著名的例子是古希臘一個人跟老師學當律師,條件是第一場官司如果贏了,學生就必須付老師一百個金幣。結果學生結業後第一件事就是控告老師,他向法官辯稱:『如果我贏了這場官司,當然不用付老師費用,如果我輸了,第一場官司沒贏,依照合約,我也不用付老師費用。』老師則說:『如果我贏了,當然他必須付我老師費用,如果我輸了,他贏了第一場官司,依照合約,他也必需付老師費用。
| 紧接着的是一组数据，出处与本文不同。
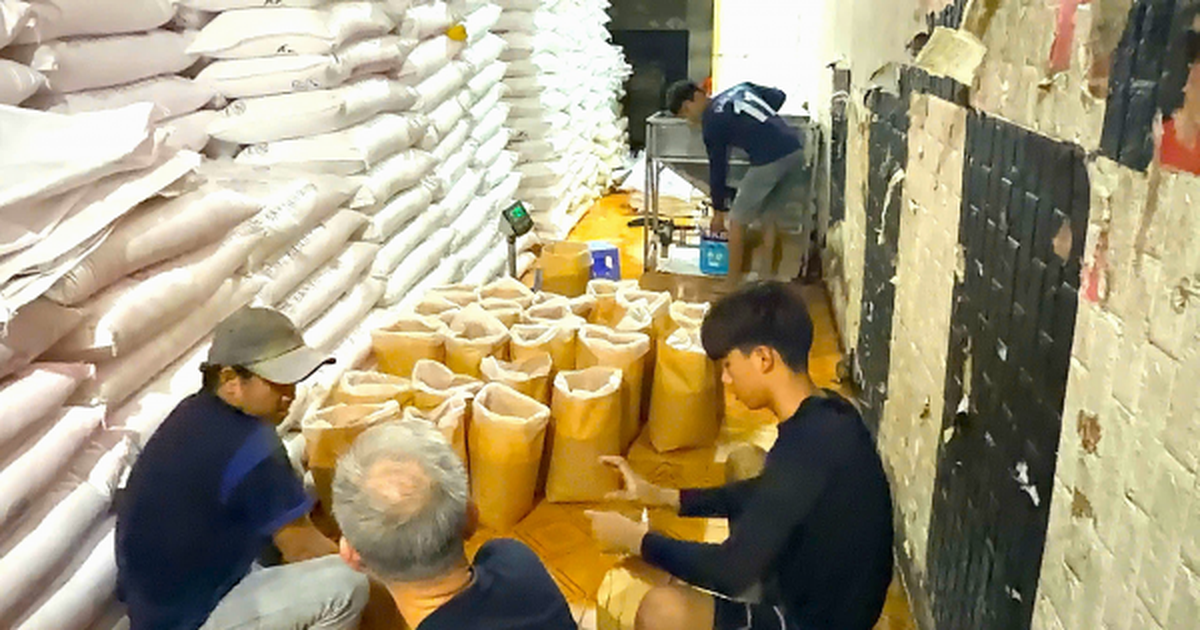Bắt quả tang 10 người trong kho hàng, thu giữ gần 70 tấn hàng cùng máy móc và con dấu vuông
』除了學生和老師的辯詞都是一種兩難的「蒺藜論」之外,對法官也是一種「蒺藜論」的狀況,因為兩者都有道理,法官不能判決兩造都勝訴。
一般我們熟悉的是「萬能」的詭辯:「如果上帝是萬能的,上帝能不能造一個他自己也搬不動的石頭?」如果可以,他有一個他搬不動的石頭,他就不是萬能的。如果不可以,他有一件事辦不到,他也不是萬能的。
佛經上都是外道以「蒺藜論」來問難世尊,如《雜阿含 914經》與《雜阿含 915經》。
《雜阿含 914經》中,「尼揵語聚落主言:『汝往詣沙門瞿曇所,作是問:『瞿曇,常願欲令諸家福利具足增長,作如是願、如是說不?』
向佛陀問:你常為各家祈願,希望他們幸福、得大利益嗎?
若答汝言不者,汝當問言:『沙門瞿曇與凡愚夫有何等異?』
如果回答是『不』,這樣世尊(與世尊弟子)跟一般人有何差別?一般人也是只求自己生活富足安樂,而不關心別人。
若言有願有說者,當復問言:『沙門瞿曇,若有如是願、如是說者。今云何於飢饉世遊行人間?將諸大眾千二百五十比丘、千優婆塞、五百乞殘食人,從城至城、從村至村,損費世間?如大雨雹,雨已,乃是減損,非增益也。瞿曇所說,殊不相應,不類不似,前後相違。』
如果回答是『是』,這樣世尊在荒年乞食,是損耗世間,不是利益世間。如同下雨,雖是對世間有益,下冰雹則損害農作物,對世間無益。(如果荒年就不乞食,會全體僧眾餓死,也是兩難)。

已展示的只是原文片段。